TASK ITEM: Using the listing below, copy exactly each line from the one that has "a white plate" through the one that has "Modern Pakistani Oushak"; omit the pictures.

STORED DATA:

• • • • •

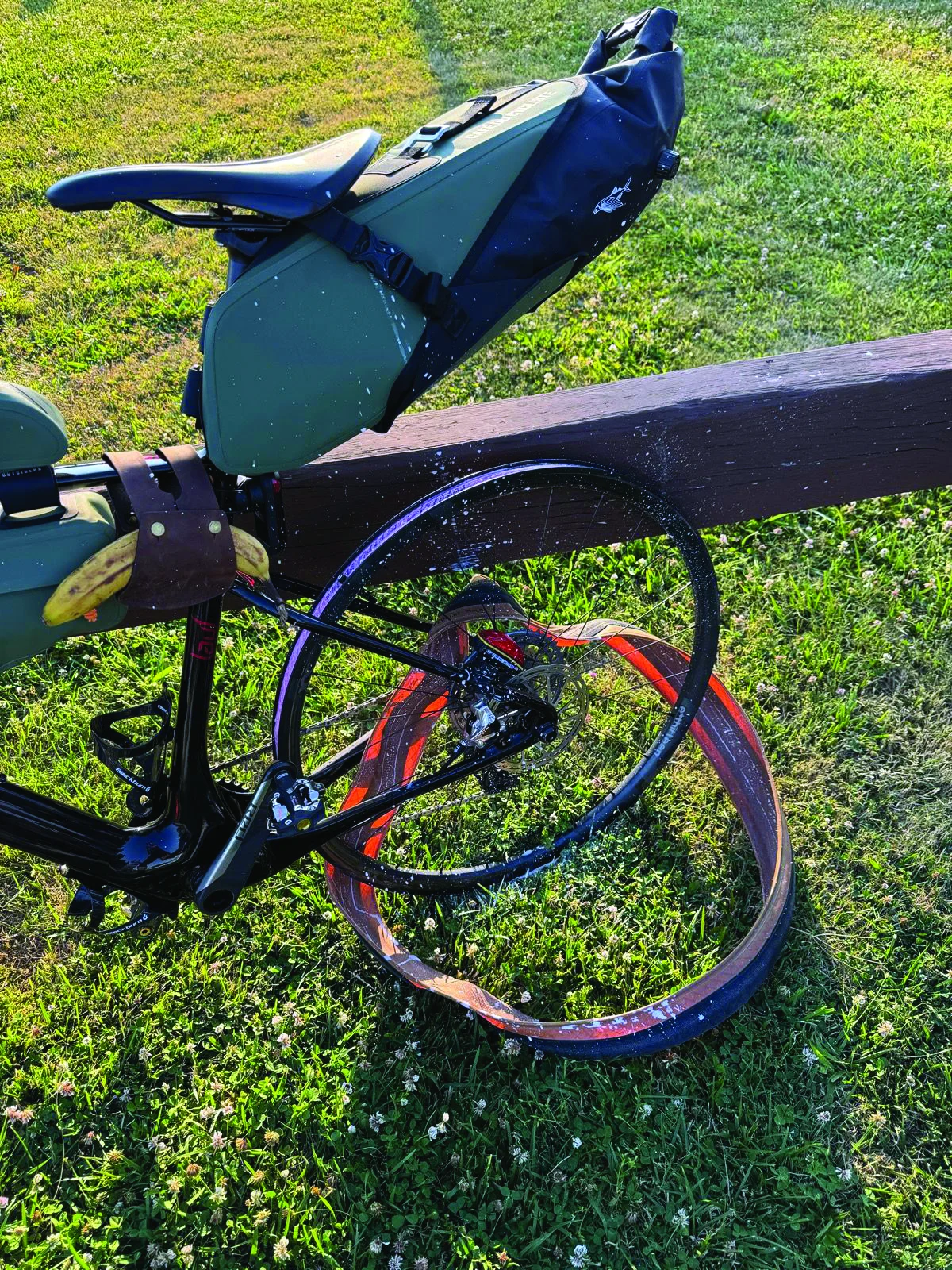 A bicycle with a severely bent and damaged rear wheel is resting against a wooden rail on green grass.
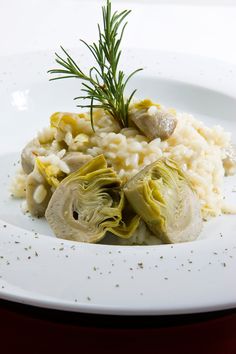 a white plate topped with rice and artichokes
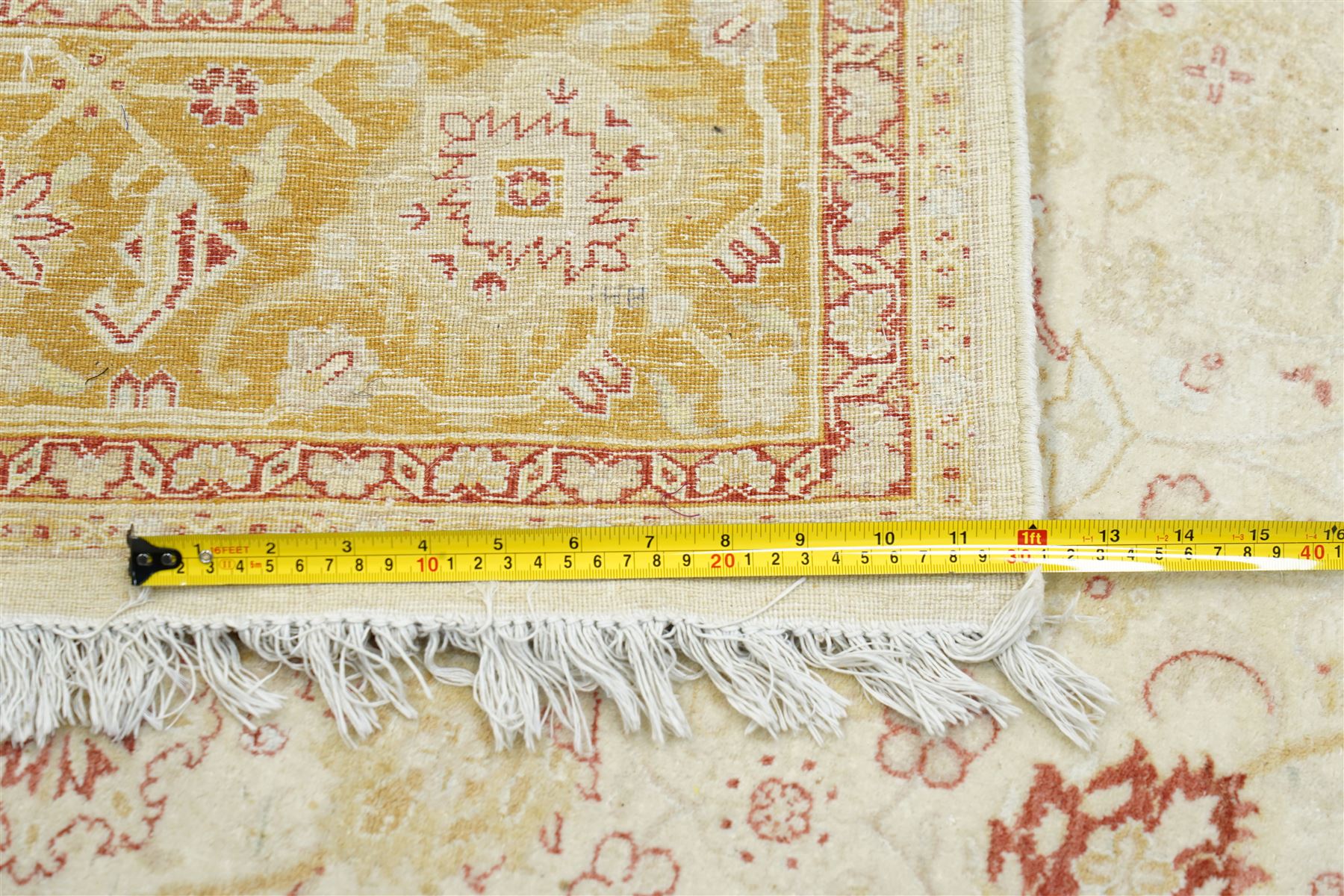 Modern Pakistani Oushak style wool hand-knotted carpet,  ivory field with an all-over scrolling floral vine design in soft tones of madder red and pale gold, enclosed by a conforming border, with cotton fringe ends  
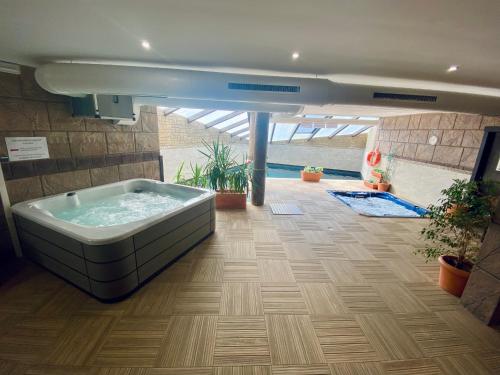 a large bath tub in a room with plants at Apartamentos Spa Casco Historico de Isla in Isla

• • • • •

ANSWER SPACE:
 a white plate topped with rice and artichokes
 Modern Pakistani Oushak style wool hand-knotted carpet,  ivory field with an all-over scrolling floral vine design in soft tones of madder red and pale gold, enclosed by a conforming border, with cotton fringe ends  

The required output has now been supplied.